■ **Supplied records**:
▼

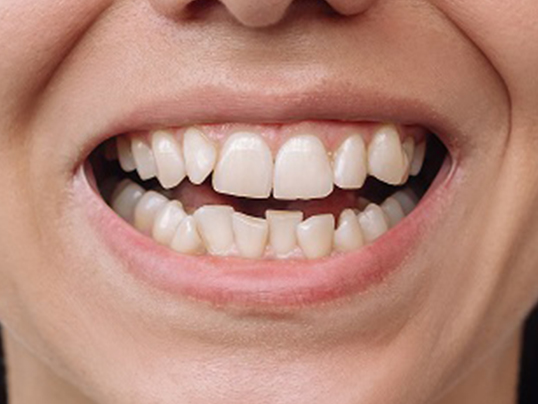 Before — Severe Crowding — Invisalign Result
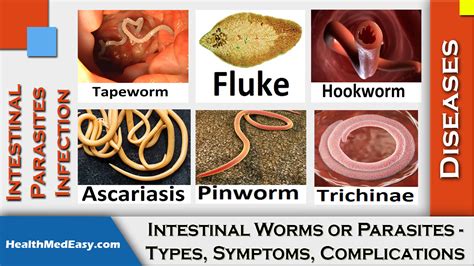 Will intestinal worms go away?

▲
▼

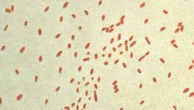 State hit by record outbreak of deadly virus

▲

■ **Directions**: Look above for the line with "Before — Severe Crowding — Invisalign Result" and the line with "Will intestinal worms go away?". Copy them and every line between, exactly, but no pictures.

■ **Reply**:
 Before — Severe Crowding — Invisalign Result
 Will intestinal worms go away?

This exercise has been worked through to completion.